EXERCISE INSTRUCTIONS |
The result should be all the records, exact and complete, without a single picture.

^^^^^^^^

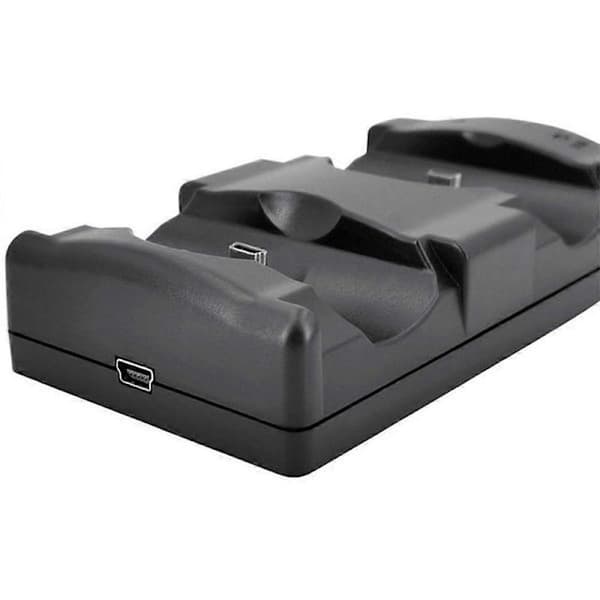Playstation 3 Controller Charging Station 2 In 1 With LED Indicator Compatible For Playstation Ps3/Move Controller A224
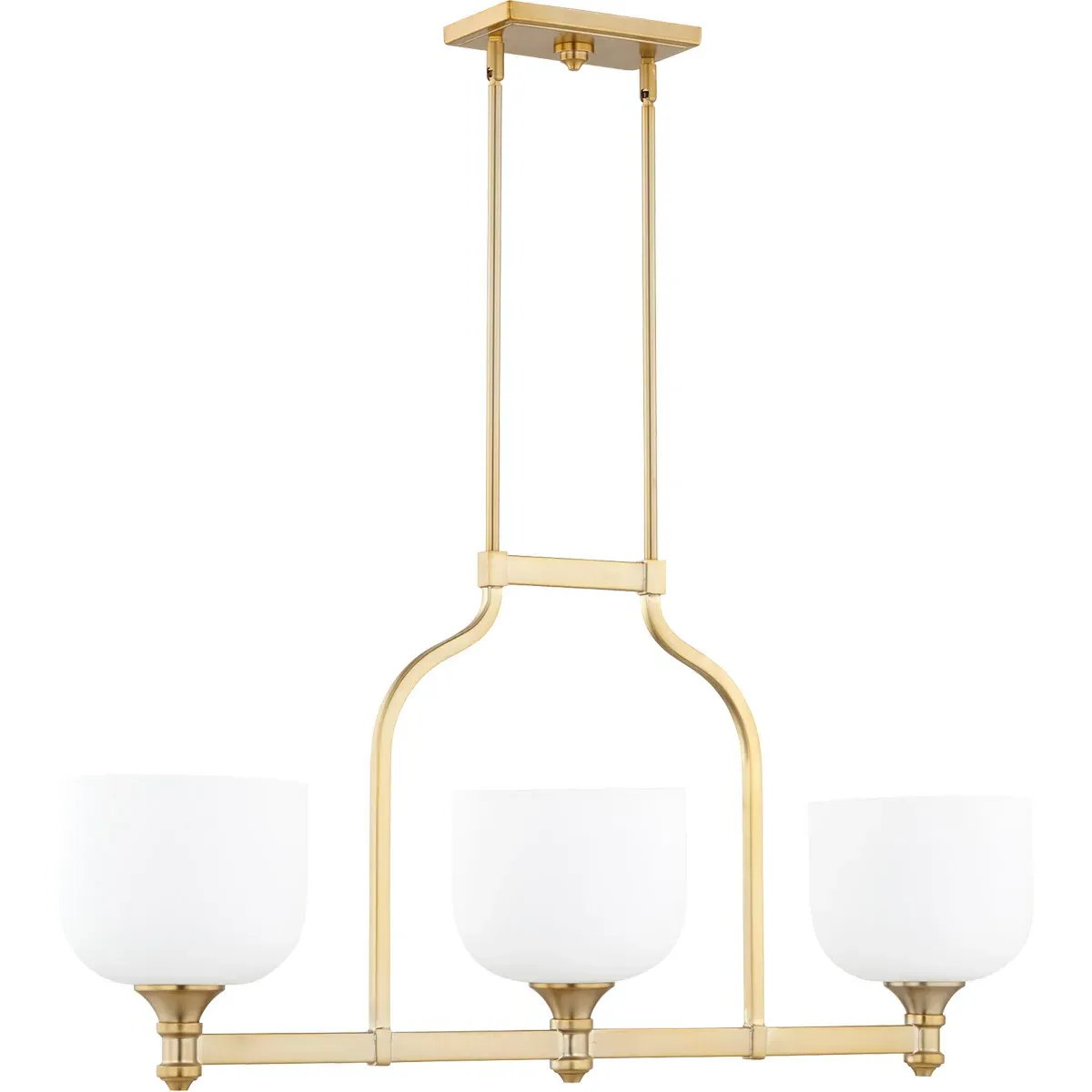 Quorum Richmond 3-Light 38 Inch Island Light - Aged Brass product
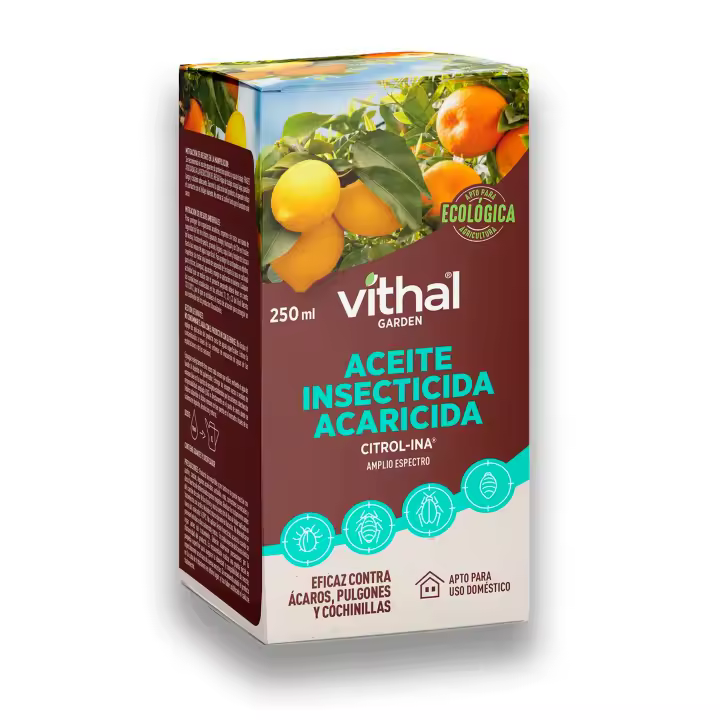 Insecticida y Acaricida ECOLÓGICO Aceite de Parafina de Amplio Espectro Formato 250 ML (Para mezclar con 25 litros de Agua) | MUY EFICAZ contra pulgones, piojos, cochinillas, mosca blanca, mosca fruta... | Nexum+Market - 1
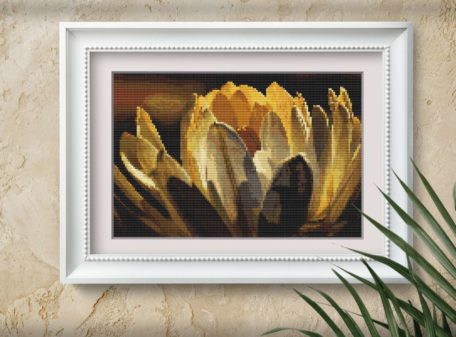 water-lily-cross-stitch-pattern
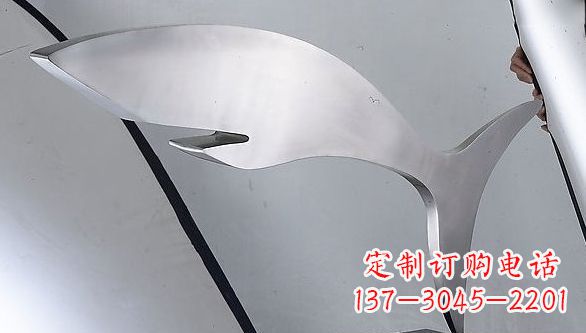 安阳不锈钢抽象鲨鱼动物雕塑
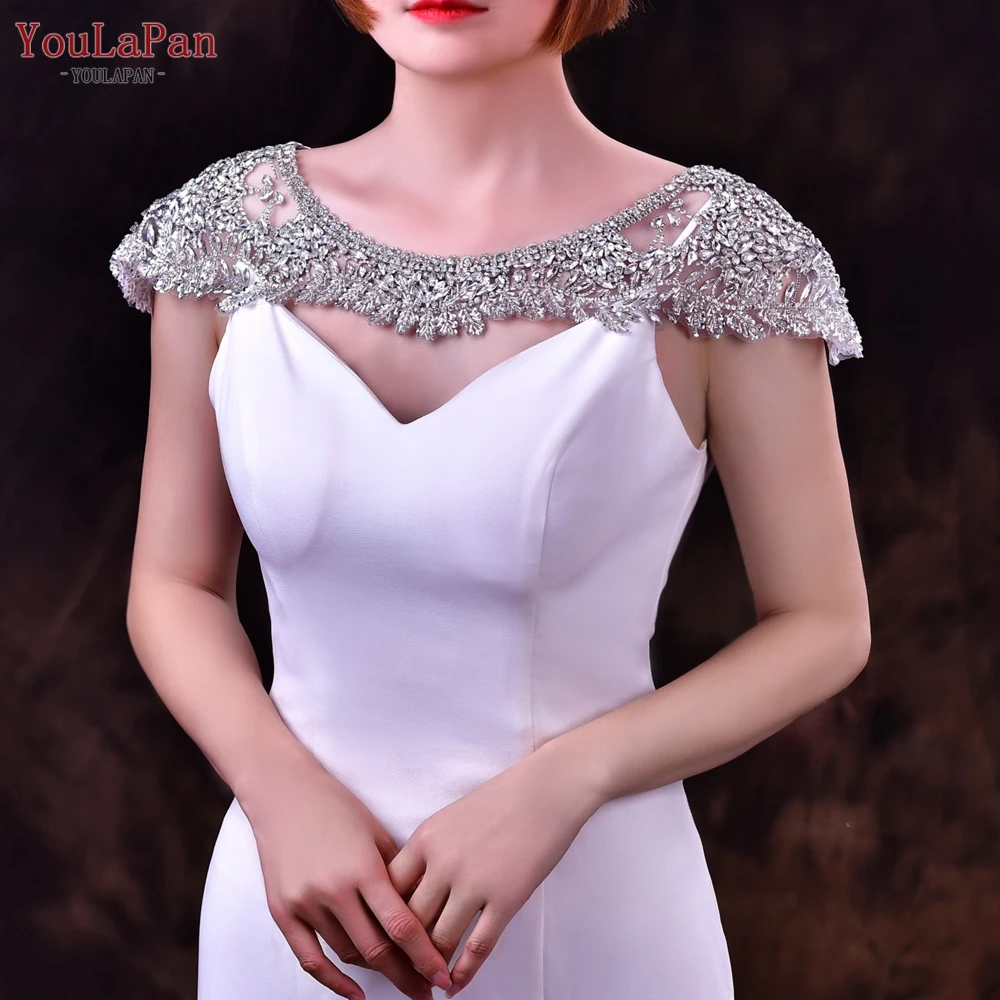 

YouLaPan Wedding Bridal Stoles Rhinestone Woman Cape Bride Dress Shawl Bolero Top Evening Party Bridal Dress Woman Wraps SG37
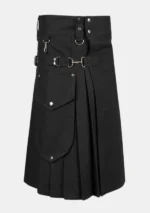 Simple Black Utility Kilt
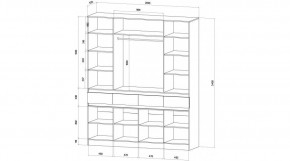 ЛЕНОРА Спальный гарнитур (модульный) графит в Еманжелинске - emanzhelinsk.ok-mebel.com | фото 9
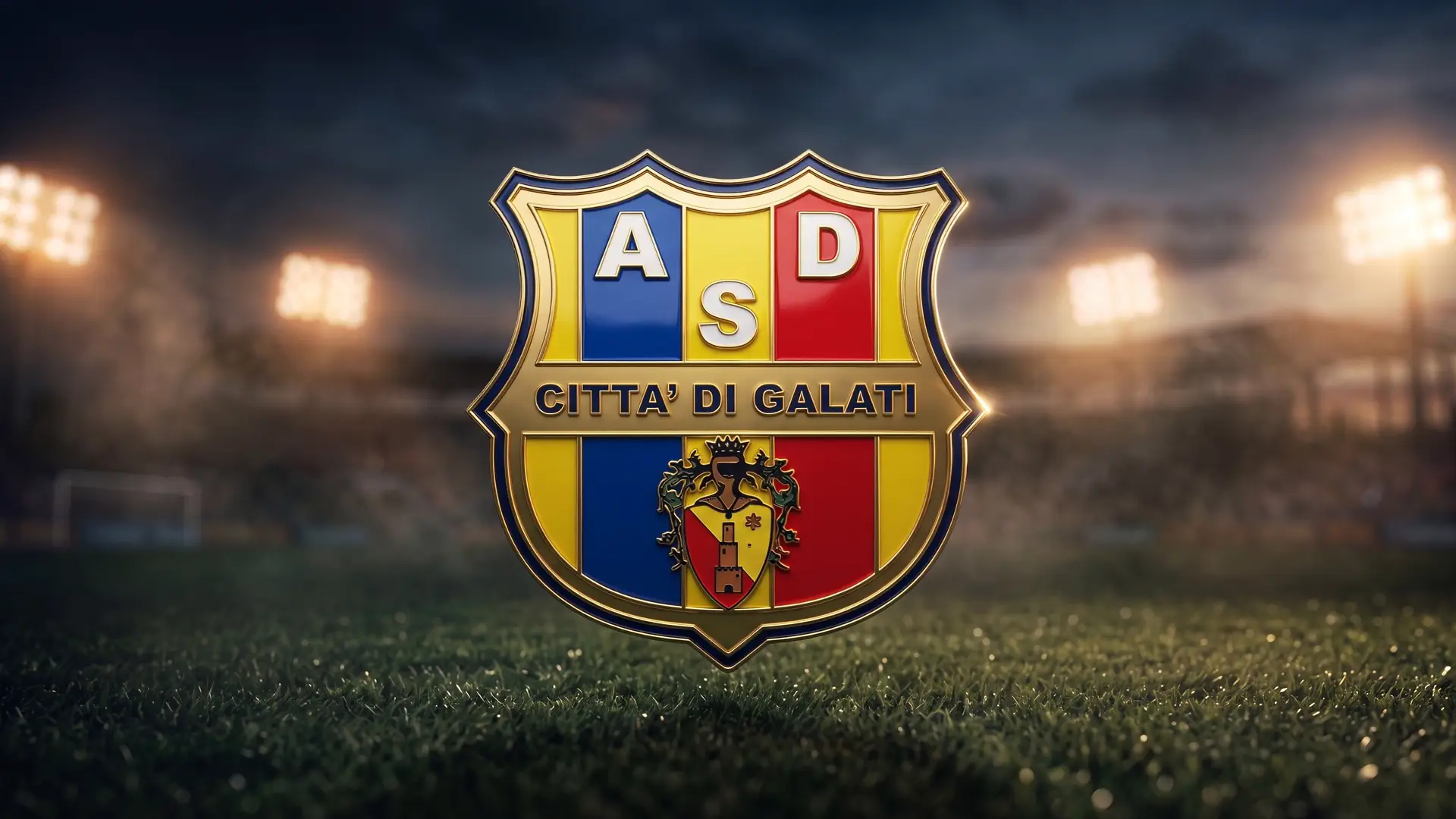 Stemma ASD Città di Galati che si compone sul campo del Ducezio-Parafioriti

^^^^^^^^

THE COMPLETED TASK |
Playstation 3 Controller Charging Station 2 In 1 With LED Indicator Compatible For Playstation Ps3/Move Controller A224
 Quorum Richmond 3-Light 38 Inch Island Light - Aged Brass product
 Insecticida y Acaricida ECOLÓGICO Aceite de Parafina de Amplio Espectro Formato 250 ML (Para mezclar con 25 litros de Agua) | MUY EFICAZ contra pulgones, piojos, cochinillas, mosca blanca, mosca fruta... | Nexum+Market - 1
 water-lily-cross-stitch-pattern
 安阳不锈钢抽象鲨鱼动物雕塑

YouLaPan Wedding Bridal Stoles Rhinestone Woman Cape Bride Dress Shawl Bolero Top Evening Party Bridal Dress Woman Wraps SG37
 Simple Black Utility Kilt
 ЛЕНОРА Спальный гарнитур (модульный) графит в Еманжелинске - emanzhelinsk.ok-mebel.com | фото 9
 Stemma ASD Città di Galati che si compone sul campo del Ducezio-Parafioriti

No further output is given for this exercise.